Global trade management (GTM)

Global trade management (GTM) covers the processes and software a company uses to move goods across borders compliantly: classifying products, screening parties against restricted lists, determining export license requirements, qualifying goods for trade agreements, filing customs entries, and calculating landed costs. GTM sits between the ERP, which knows what was ordered, and logistics systems, which know where freight is, adding the regulatory layer both lack.

Examples

Denied-party catch: Two days before a $300,000 shipment, screening flags that a new distributor's parent company appeared on a sanctions list. The order holds until counsel clears it, which is annoying, and far cheaper than the penalty.

Classification review: A trade team audits 14,000 SKUs and finds a fastener family entered under a 6.2% line that properly classifies at 3.7%. On $4 million of annual imports, the correction saves $100,000 a year going forward.

License determination at order entry: A dual-use sensor order destined for a new market is flagged for an export license when the sales order is created, starting a six-week licensing process at booking instead of at the port.

Definition

The functional core is consistent across industries: assign each product an HTS code and export classification, screen customers and suppliers against denied-party lists, determine whether a shipment needs an export license under regimes like the US EAR or ITAR, test goods against trade agreement rules of origin, file import and export declarations (directly or through a customs broker), and calculate duties and fees as part of total landed cost.
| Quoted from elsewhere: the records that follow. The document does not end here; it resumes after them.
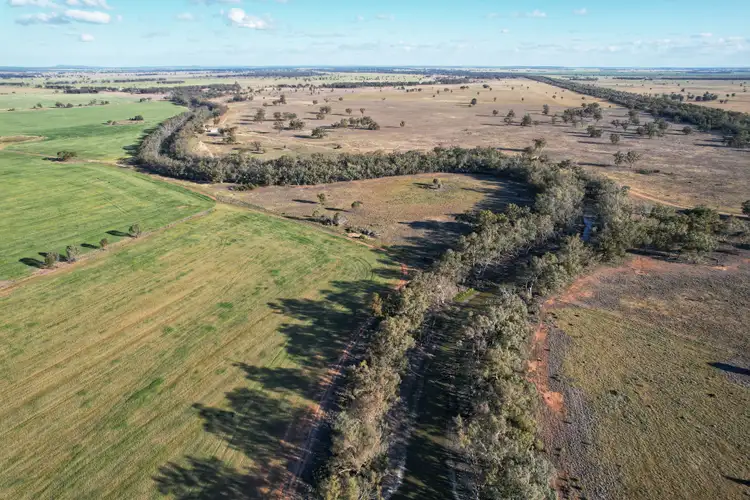 Second view of Homely rural property listing, Kookaburragong 8048 The Gipps Way, Condobolin NSW 2877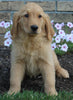 AKC Registered Golden Retriever For Sale Millersburg OH Female-Missy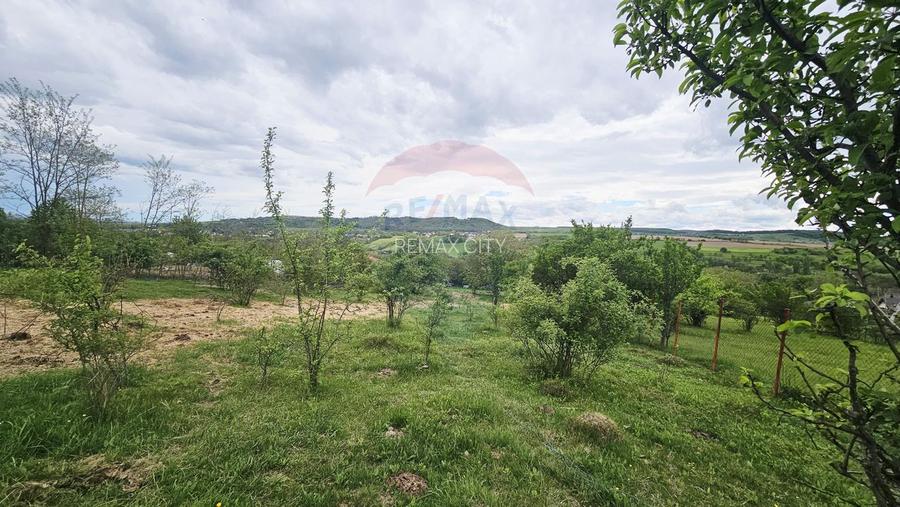 Teren 5,350mp Dobreni / Strada Manastirea Horaita - 16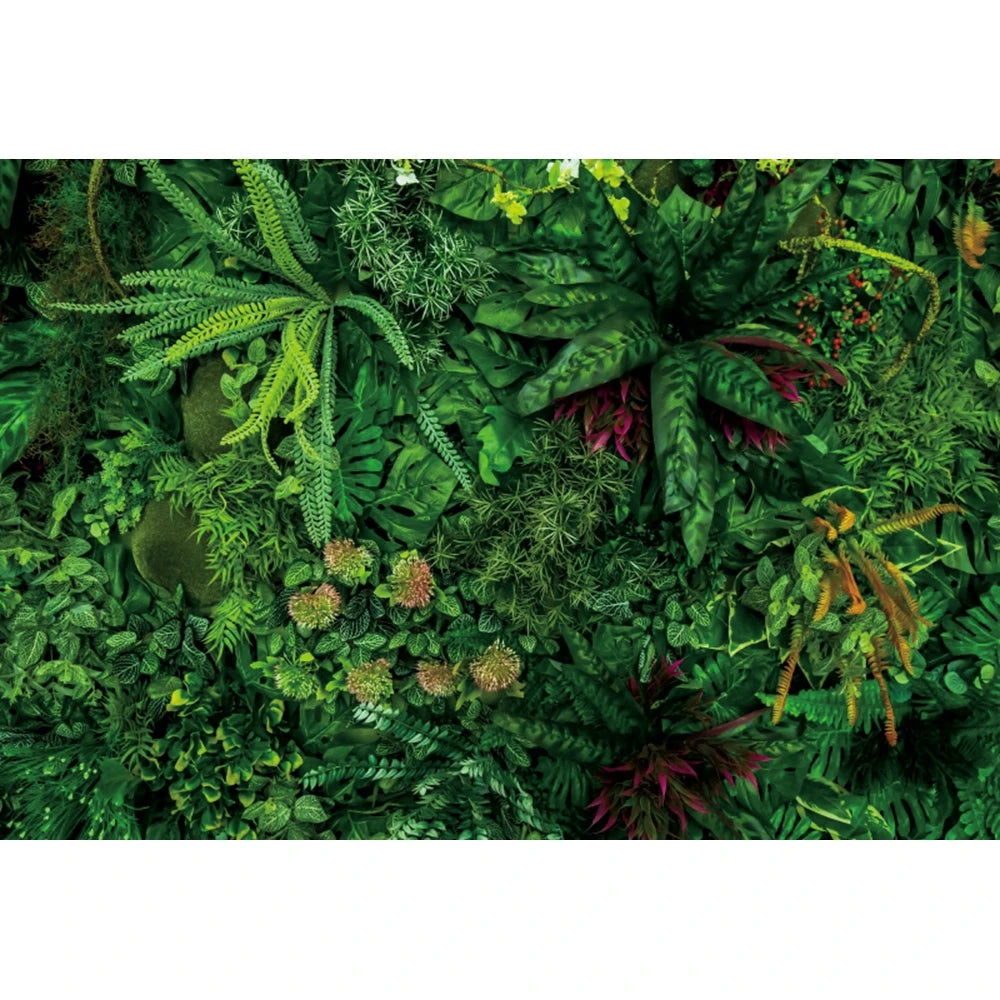 Tropical Jungle Rainforest Backdrop – Spring Forest Photography Background for Camping, Adventure, Birthday Parties & Photo Studio Decor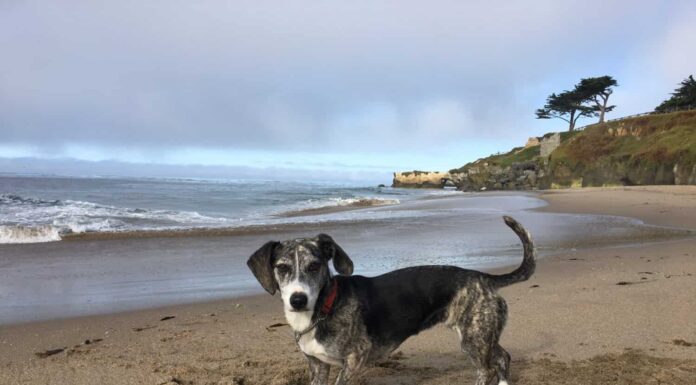 Bassotto Pit Bull mix cucciolo in spiaggia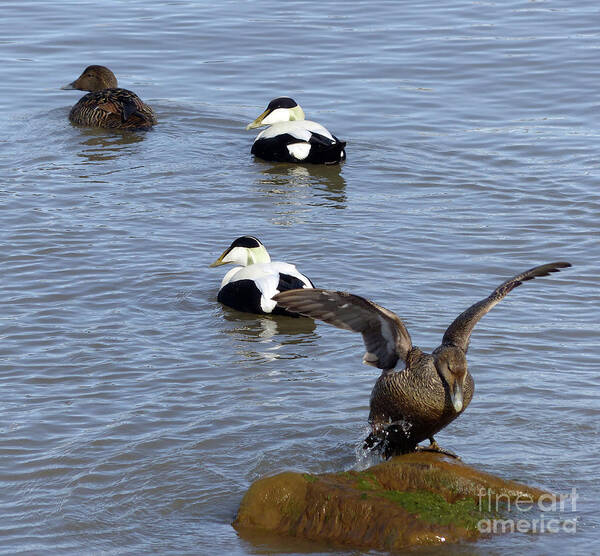 Eider Ducks Poster featuring the photograph Eider ducks by Phil Banks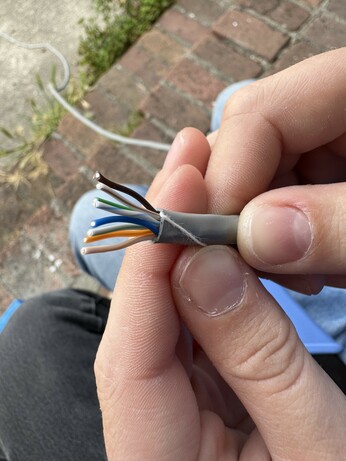 CAT5e twisted pairs separated, cut and ordered into OW/O/GW/B/BW/G/BrW/Br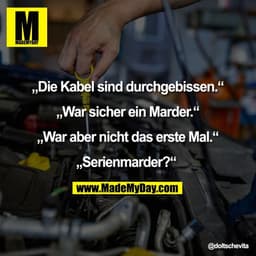 „Die Kabel sind durchgebissen.“

„War sicher ein Marder.“

„War aber nicht das erste Mal.“

„Serienmarder?“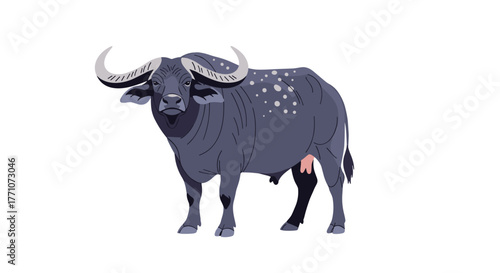 A detailed illustration of a dark gray water buffalo with large horns, white spots, udder, and male genitalia, standing isolated on white.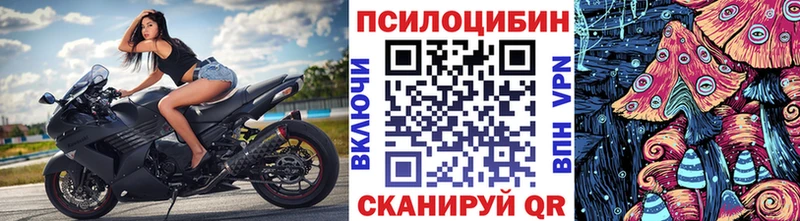 площадка состав  Вельск  Псилоцибиновые грибы Cubensis  где продают наркотики 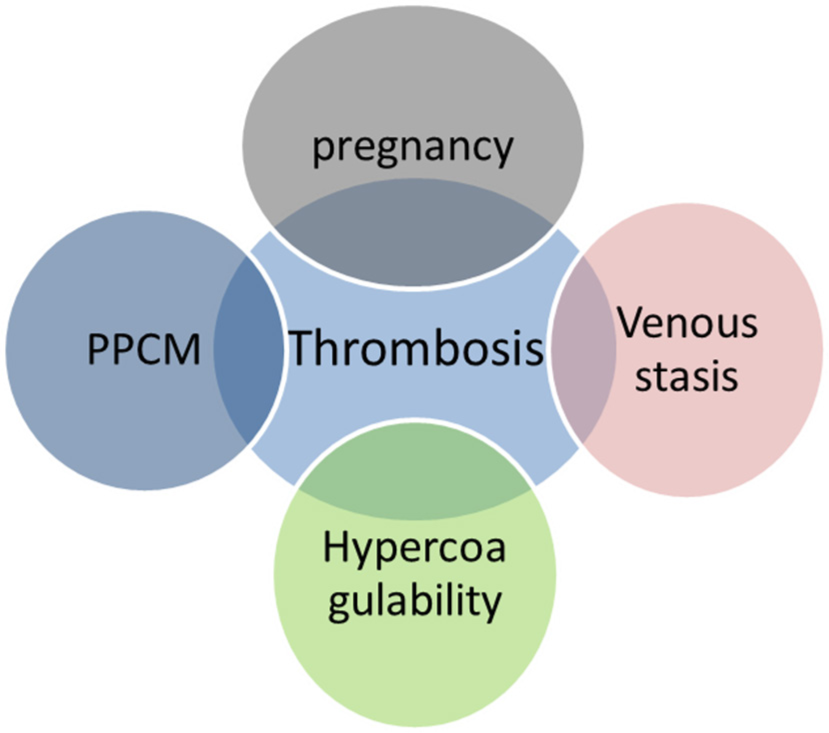 Peripartum Cardiomyopathy and Thrombosis – A Match Made In Hell!
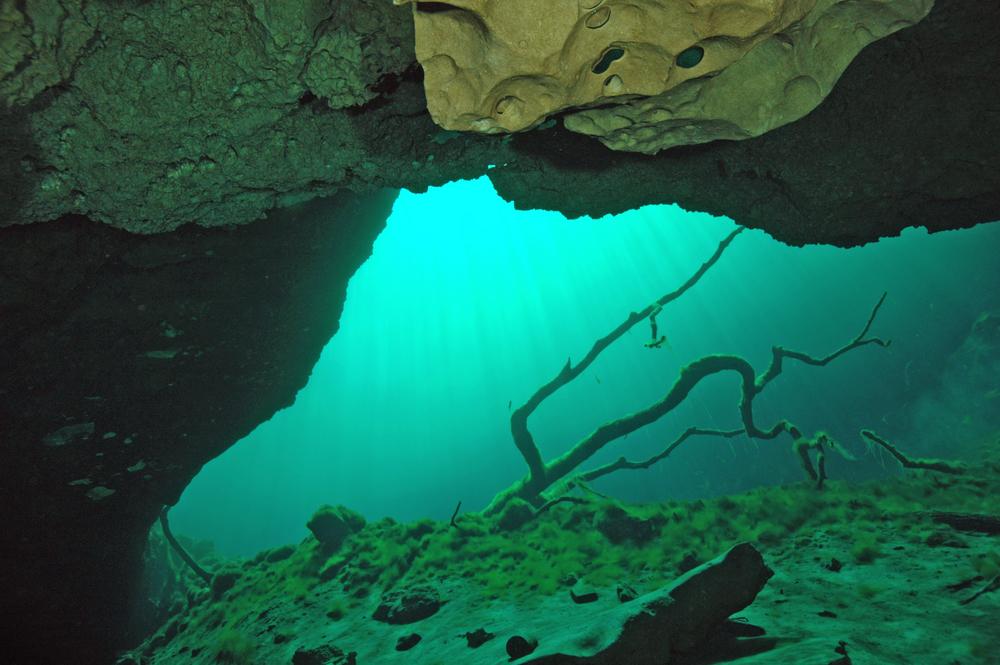 Norway Announces Plan to Mine the Sea Floor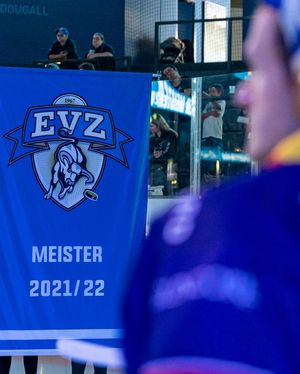 Image post by @official_evz on Instagram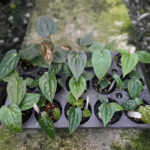 Anthurium Besseae aff. x Luxurians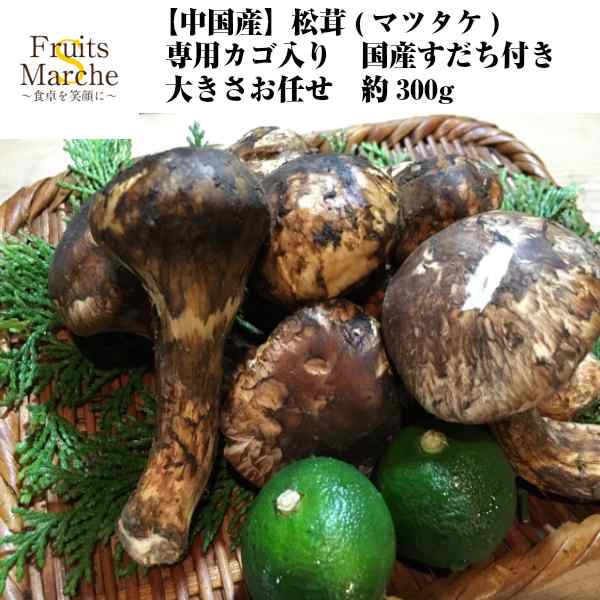 クール便送料無料 中国産 松茸 マツタケ 専用カゴ入り 国産すだち付き 大きさお任せ 約300g 北海道沖縄別途送料加算 まいたけの通販はau Pay マーケット 菜s フルーツマルシェ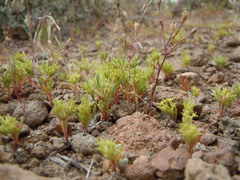 Chorizanthe watsonii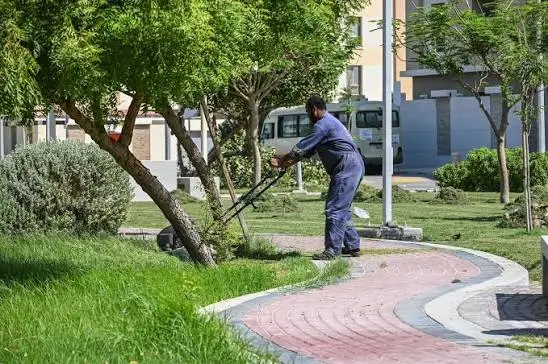 لماذا يتغير جدول صيانة الحدائق في الدمام طوال العام؟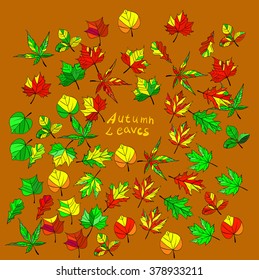 Set of autumn leaves. Vector illustration.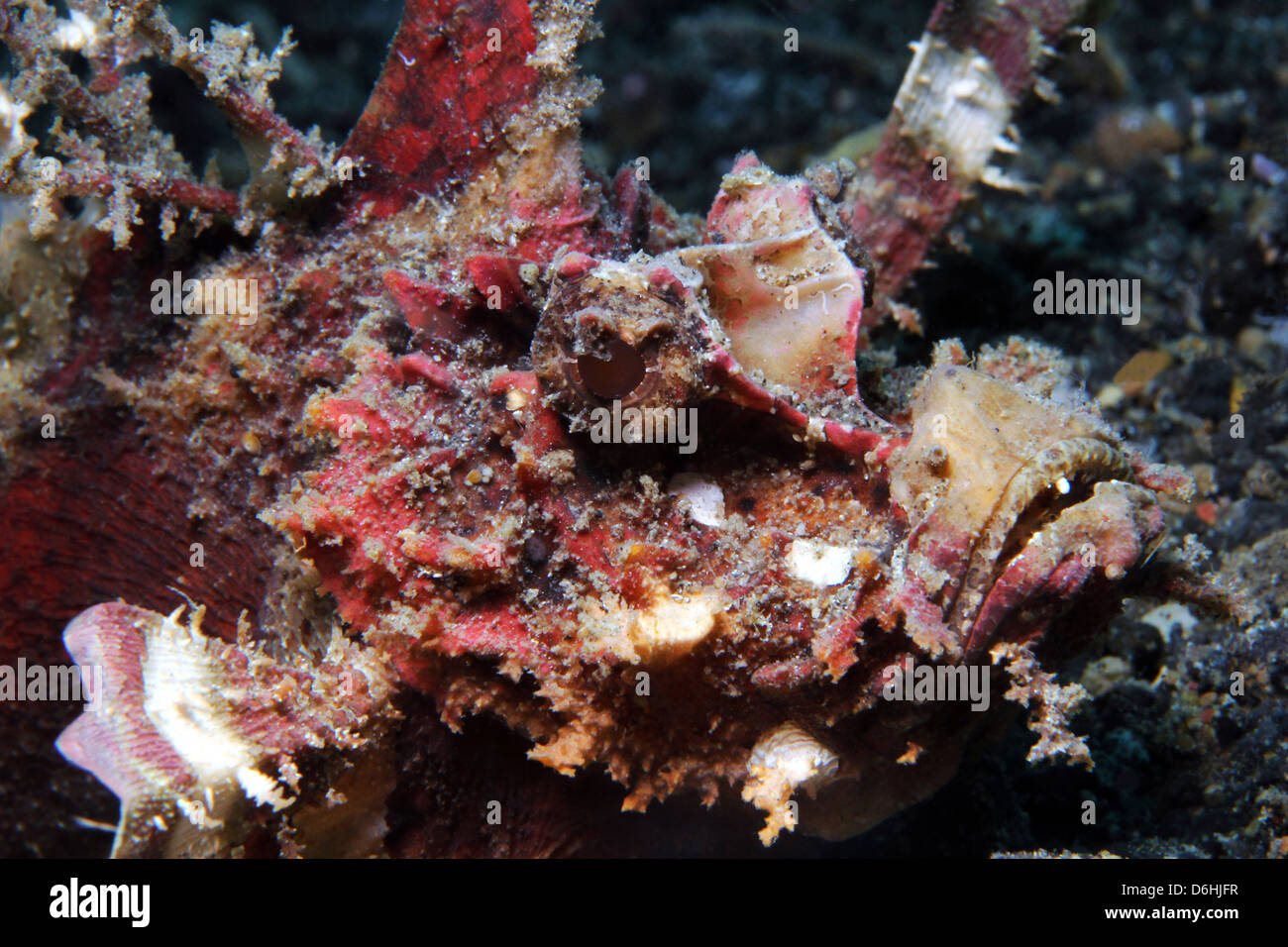 Demon Stinger (Inimicus Didactylus), Lembeh Strait, Indonesien Stockfoto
GTM software earns its license fee mostly by keeping regulatory content current: tariff schedules, sanctions lists, and license rules change constantly, and stale data is how violations happen.

Positionally, GTM fills the gap between the ERP and logistics execution. The ERP knows the part, the supplier, and the price; the TMS knows the carrier and the milestone; neither knows whether the consignee is sanctioned or whether the goods qualify for preferential duty. Good practice gives one owner, usually a trade compliance lead, authority over classification and screening decisions. Bad practice scatters that knowledge across brokers and forwarders, and the gaps surface during an audit or a seized shipment.